Please keep pictures out and return the lines below exactly, from the one holding "Vector Flow Imaging" through the last, both included.
(Beginning of Data for this exercise)
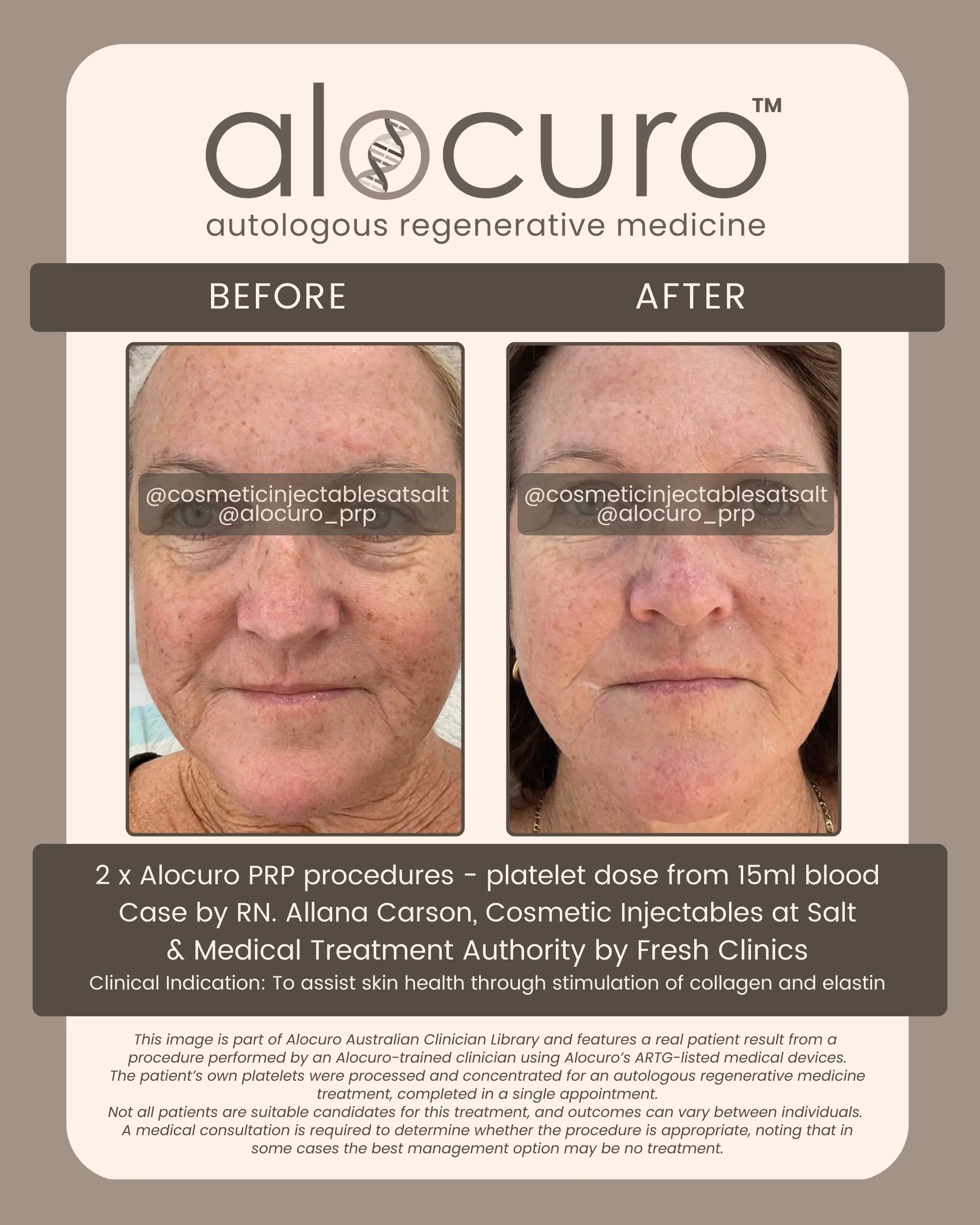 Alocuro Skin Case PRP - Before & After - 31.jpg
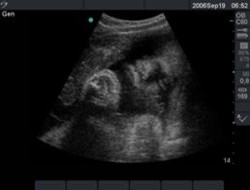 EQUIPO OBSTETRICO
Unidad Perinatal
Ecograf�as
Calendario de Ecograf�as
CARA FETAL, NARIZ, LABIO SUP. OJO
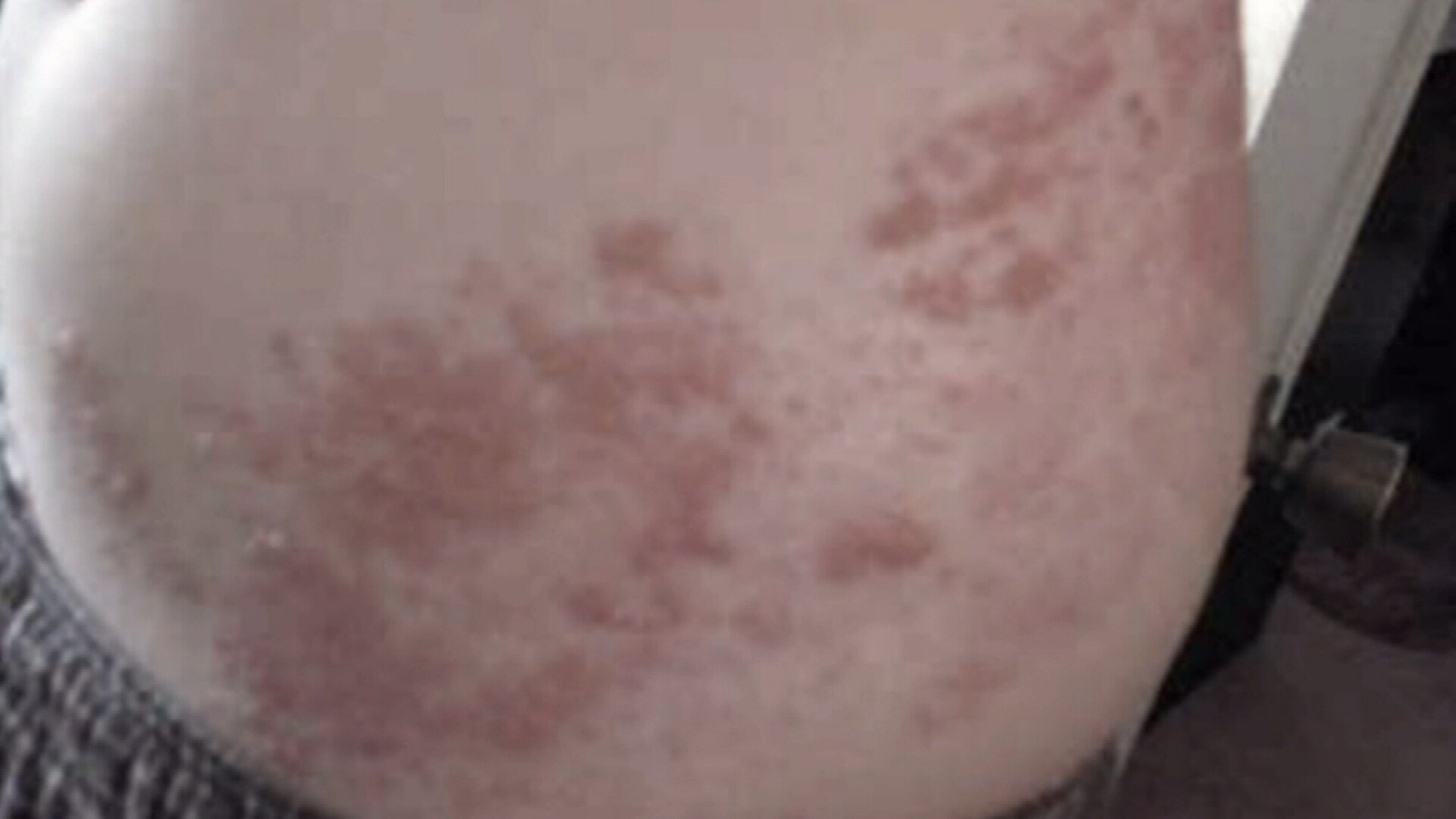 after effects of shingles inback after effects of shingles inback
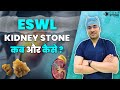 ESWL Kidney Stone कब और कैसे | Lithotripsy से किडनी स्टोन का इलाज | Non-Invasive Procedure #eswl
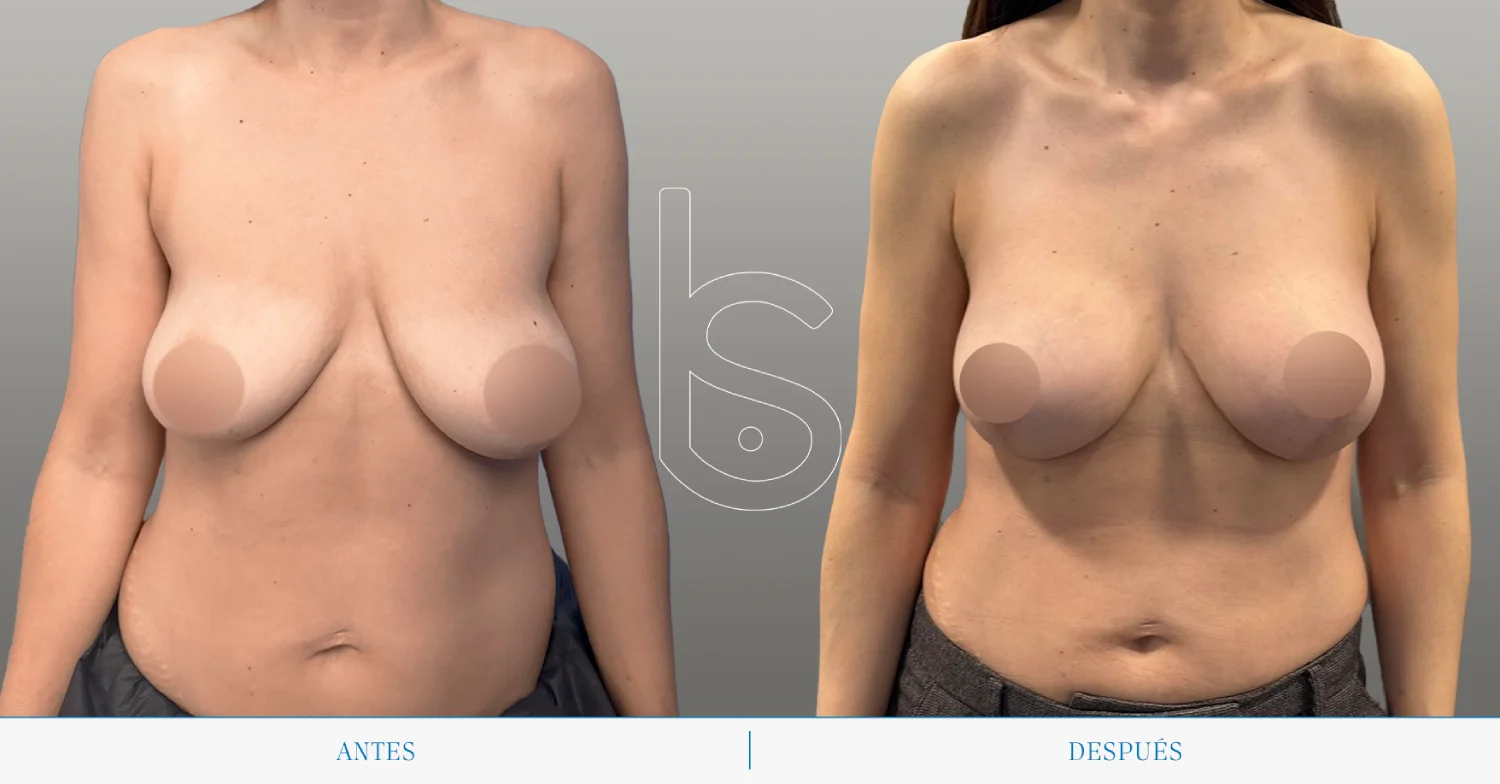 Caso de mastopexia frente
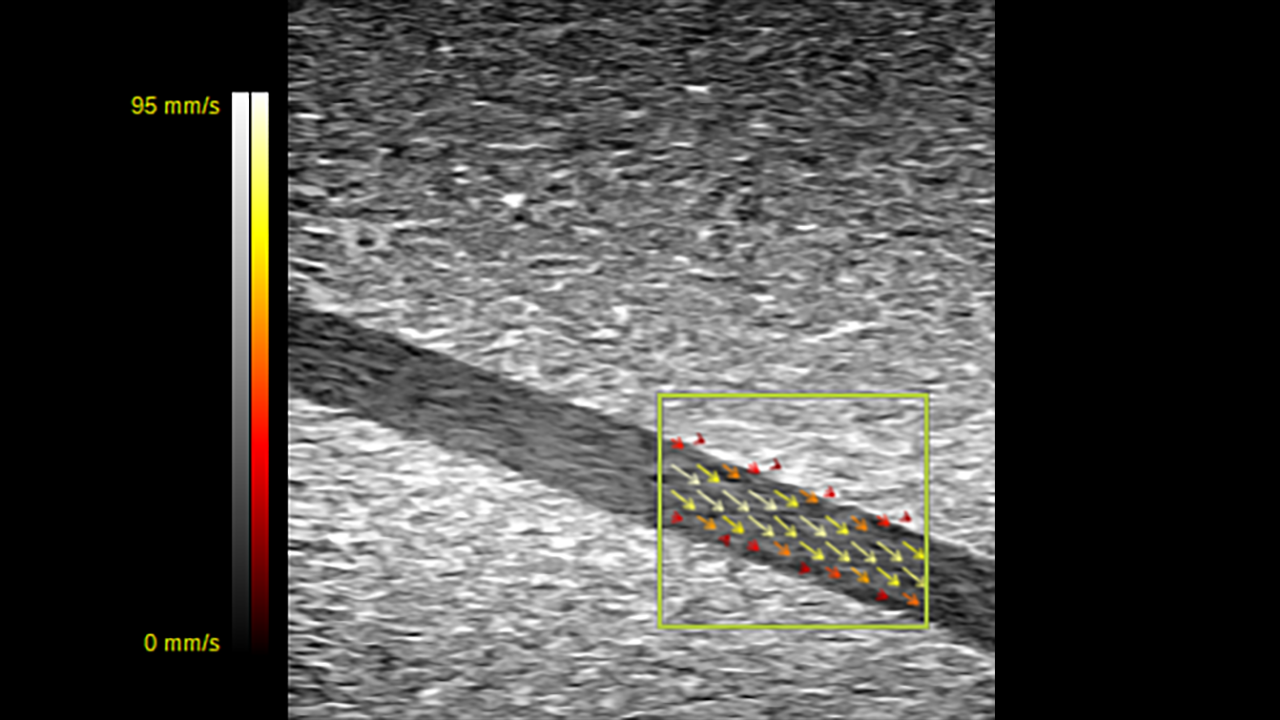 Vector Flow Imaging showcasing flow through a phantom indicated in a yellow outlined box.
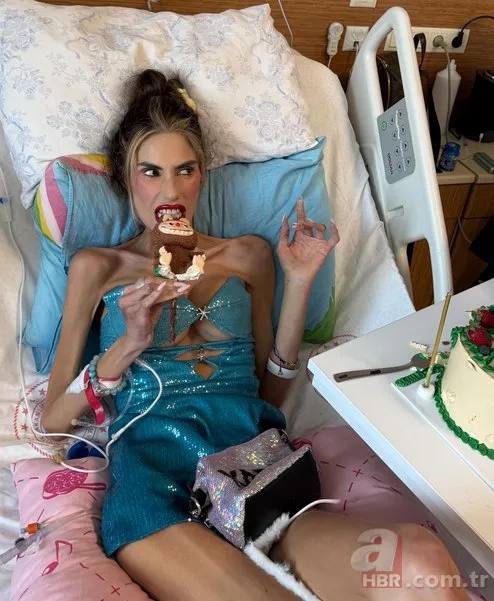 25 kiloya düşen Nihal Candan yoğun bakıma alındı: "Sağlık durumu kritik" 4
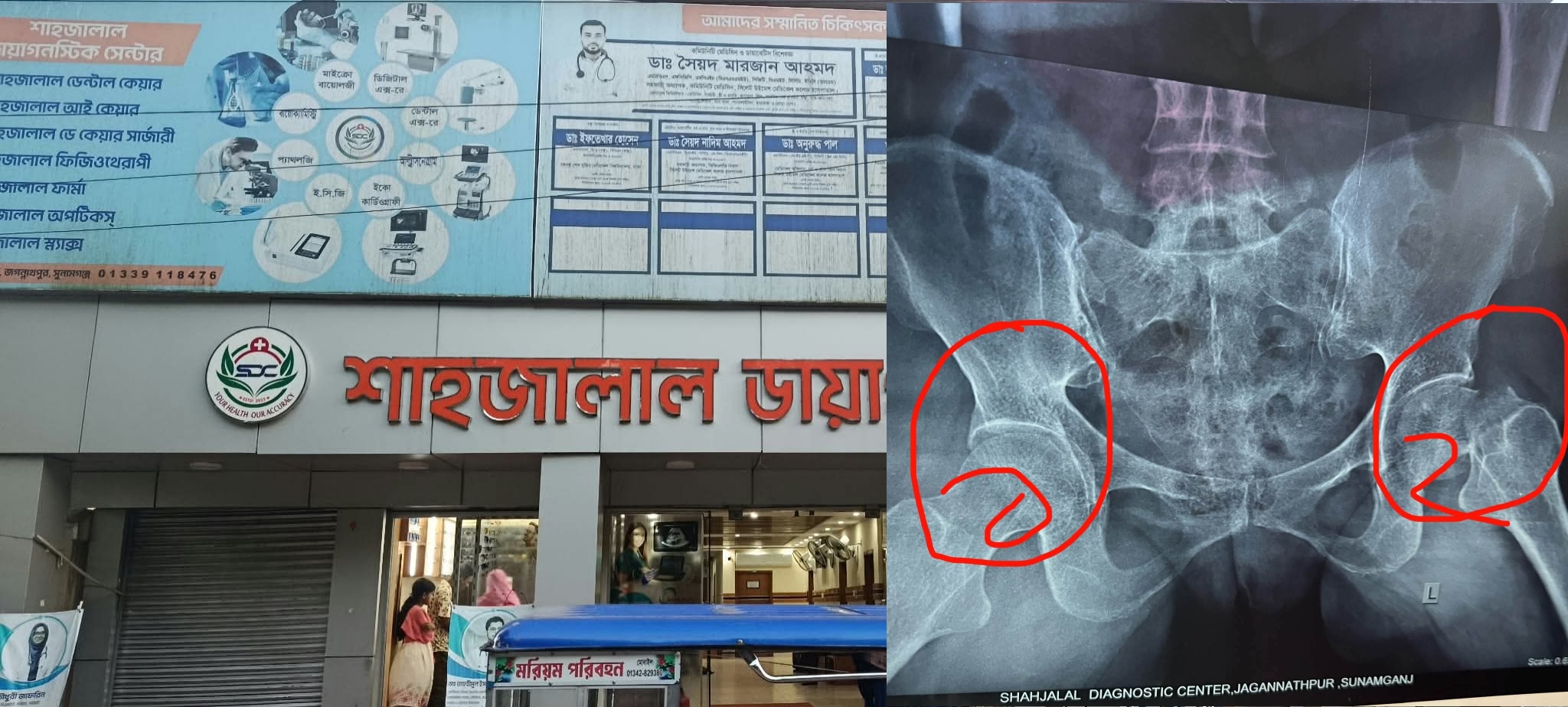 ভুল চিকিৎসায় পঙ্গুত্বের ঝুঁকিতে নারী, সিলেটে অস্ত্রোপচারের প্রস্তুতি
(End of Data for this exercise)
* **Output below**
 Vector Flow Imaging showcasing flow through a phantom indicated in a yellow outlined box.
 25 kiloya düşen Nihal Candan yoğun bakıma alındı: "Sağlık durumu kritik" 4
 ভুল চিকিৎসায় পঙ্গুত্বের ঝুঁকিতে নারী, সিলেটে অস্ত্রোপচারের প্রস্তুতি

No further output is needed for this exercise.